Genocide and Human Rights Webinar Series Fall 2020
Virtual - Fall 2020
Week One: November 3rd, 2020 @ 2:00 pm EST
Future war: the legal and civil-military implications of military artificial intelligence, lethal autonomous weapons, and enhanced ‘super soldiers’
Scholar: Maureen Hiebert
This webinar will discuss how AI and autonomous weapons are likely to be used in the not-so-distant future, the drive to enhance soldiers’ performance through technology, and what the fielding of these technologies might mean for the legal regulation of war, civil-military relations, and the prevention and perpetration of genocide.
Week Two: November 10th @ 2:00 PM EST
Indigenous Peoples of Brazil: A Case for Genocide?
Scholar: Flávio de Leão Bastos Pereira
Indigenous nations in Brazil are facing worsening violations of their human rights such as invasions of their traditional lands which is a fundamental basis of their lives and cultures; fires that destroy biomes caused by invaders; state violence and government proposals that restrict their rights. Is it possible to identify a genocidal process?
Week Three: November 17th @ 2:00 PM EST
Immigrant Rights are Human Rights
Scholar: Tanya Golash-Boza
This webinar details a wide variety of human rights violations ensconced in U.S. immigration policy as well as lays out the steps we need to take to align U.S. immigration policy with international human rights standards.

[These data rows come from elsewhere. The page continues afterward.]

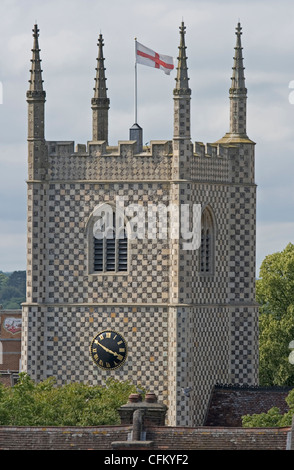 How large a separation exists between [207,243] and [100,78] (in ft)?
28.6

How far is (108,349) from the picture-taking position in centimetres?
8912

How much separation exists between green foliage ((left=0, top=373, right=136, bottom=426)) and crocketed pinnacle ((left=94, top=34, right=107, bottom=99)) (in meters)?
12.9

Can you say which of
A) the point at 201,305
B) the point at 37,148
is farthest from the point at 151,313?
the point at 37,148

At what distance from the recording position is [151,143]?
8825cm

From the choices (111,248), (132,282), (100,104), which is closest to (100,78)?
(100,104)

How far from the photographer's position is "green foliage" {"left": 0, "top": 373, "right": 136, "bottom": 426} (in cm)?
7912

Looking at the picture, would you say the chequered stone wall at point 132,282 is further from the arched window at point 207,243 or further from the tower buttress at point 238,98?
the tower buttress at point 238,98

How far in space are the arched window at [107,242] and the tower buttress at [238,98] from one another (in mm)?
7359

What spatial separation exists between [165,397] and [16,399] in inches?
370

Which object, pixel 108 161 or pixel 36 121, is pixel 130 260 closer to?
pixel 108 161

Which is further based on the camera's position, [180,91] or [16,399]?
[180,91]

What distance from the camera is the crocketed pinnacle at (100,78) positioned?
92062 millimetres

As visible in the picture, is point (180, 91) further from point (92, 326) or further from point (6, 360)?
point (6, 360)

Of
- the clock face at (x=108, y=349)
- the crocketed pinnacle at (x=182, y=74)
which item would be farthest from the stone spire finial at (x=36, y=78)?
the clock face at (x=108, y=349) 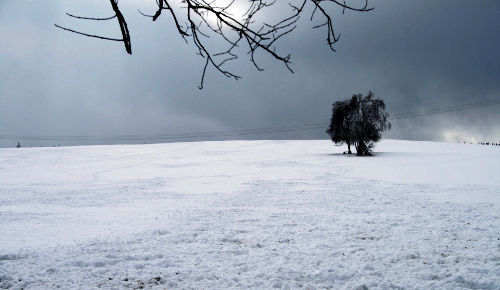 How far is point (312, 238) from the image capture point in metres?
7.33

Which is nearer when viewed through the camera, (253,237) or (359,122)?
(253,237)

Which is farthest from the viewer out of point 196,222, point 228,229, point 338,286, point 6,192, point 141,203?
point 6,192

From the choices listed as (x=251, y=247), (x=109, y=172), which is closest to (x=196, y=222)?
(x=251, y=247)

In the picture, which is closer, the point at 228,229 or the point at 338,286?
the point at 338,286

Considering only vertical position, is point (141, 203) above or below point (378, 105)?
below

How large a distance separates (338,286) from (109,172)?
21205 millimetres

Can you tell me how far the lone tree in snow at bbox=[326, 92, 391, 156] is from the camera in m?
36.4

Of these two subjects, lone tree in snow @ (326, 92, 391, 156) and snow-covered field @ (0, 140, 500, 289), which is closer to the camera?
snow-covered field @ (0, 140, 500, 289)

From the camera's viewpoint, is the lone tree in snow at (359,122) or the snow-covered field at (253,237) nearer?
the snow-covered field at (253,237)

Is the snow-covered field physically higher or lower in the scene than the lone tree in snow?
lower

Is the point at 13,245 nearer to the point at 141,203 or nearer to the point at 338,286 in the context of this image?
the point at 141,203

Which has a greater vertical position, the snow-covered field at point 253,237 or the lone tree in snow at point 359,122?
the lone tree in snow at point 359,122

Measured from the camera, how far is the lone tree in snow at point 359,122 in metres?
36.4

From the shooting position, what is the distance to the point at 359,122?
3656 centimetres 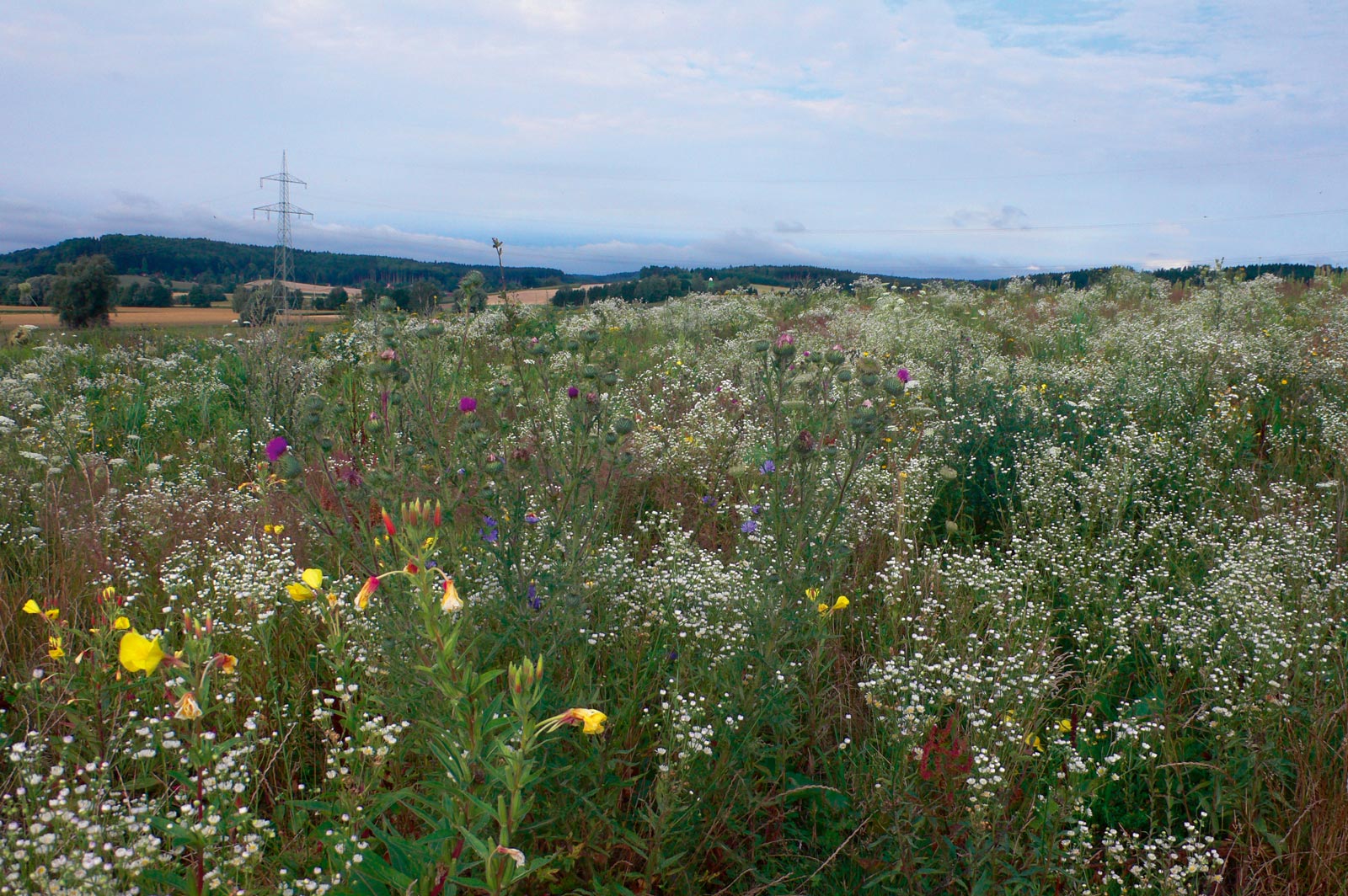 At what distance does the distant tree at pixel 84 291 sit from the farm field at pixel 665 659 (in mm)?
16022

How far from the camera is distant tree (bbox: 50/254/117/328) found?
17422mm

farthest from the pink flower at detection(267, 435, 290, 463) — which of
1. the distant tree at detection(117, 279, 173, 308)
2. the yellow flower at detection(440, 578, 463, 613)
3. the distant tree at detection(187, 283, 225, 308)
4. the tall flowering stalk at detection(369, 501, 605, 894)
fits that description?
the distant tree at detection(117, 279, 173, 308)

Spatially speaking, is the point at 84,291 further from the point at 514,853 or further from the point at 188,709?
the point at 514,853

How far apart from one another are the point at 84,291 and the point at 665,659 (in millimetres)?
21740

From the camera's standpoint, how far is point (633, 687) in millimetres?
2545

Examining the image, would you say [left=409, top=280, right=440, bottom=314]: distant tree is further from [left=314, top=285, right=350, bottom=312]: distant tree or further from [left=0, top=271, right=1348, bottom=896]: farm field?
[left=0, top=271, right=1348, bottom=896]: farm field

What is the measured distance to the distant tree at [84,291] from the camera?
1742 centimetres

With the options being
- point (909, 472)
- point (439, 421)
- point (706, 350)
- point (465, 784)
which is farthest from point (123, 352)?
point (465, 784)

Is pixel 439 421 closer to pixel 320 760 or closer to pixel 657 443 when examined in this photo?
pixel 320 760

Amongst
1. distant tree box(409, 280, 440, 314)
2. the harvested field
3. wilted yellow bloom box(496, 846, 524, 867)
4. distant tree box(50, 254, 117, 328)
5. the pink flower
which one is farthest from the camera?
distant tree box(50, 254, 117, 328)

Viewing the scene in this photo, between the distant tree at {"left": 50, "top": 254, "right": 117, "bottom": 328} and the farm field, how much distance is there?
1602 centimetres

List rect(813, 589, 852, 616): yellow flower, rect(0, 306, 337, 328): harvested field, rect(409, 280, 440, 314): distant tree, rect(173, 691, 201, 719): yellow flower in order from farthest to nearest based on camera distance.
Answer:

Week Four: November 24th, 2020 @ 3:30 PM EST
Oral History, Human Rights and the Law: the importance of preserving testimony for justice efforts
Scholar: Anoush Baghdadassarian
Join Anoush Baghdadassarian, Harvard law student and Co-Founder of the Rerooted Archive, to learn more about how oral history is increasingly used in human rights work, and particularly how it can contribute to both restorative and retributive justice efforts in post-conflict societies.
Week Five: December 1st, 2020 @ 4:00 PM EST
The Yazidi Genocide- Children’s Experiences of a 21st Century Genocide.
Scholar: Caroline Schneider
This webinar sheds light on the Yazidi genocide, especially on the forcible transfer of children during this event. It will also explore the role of researchers when studying a contemporary genocide.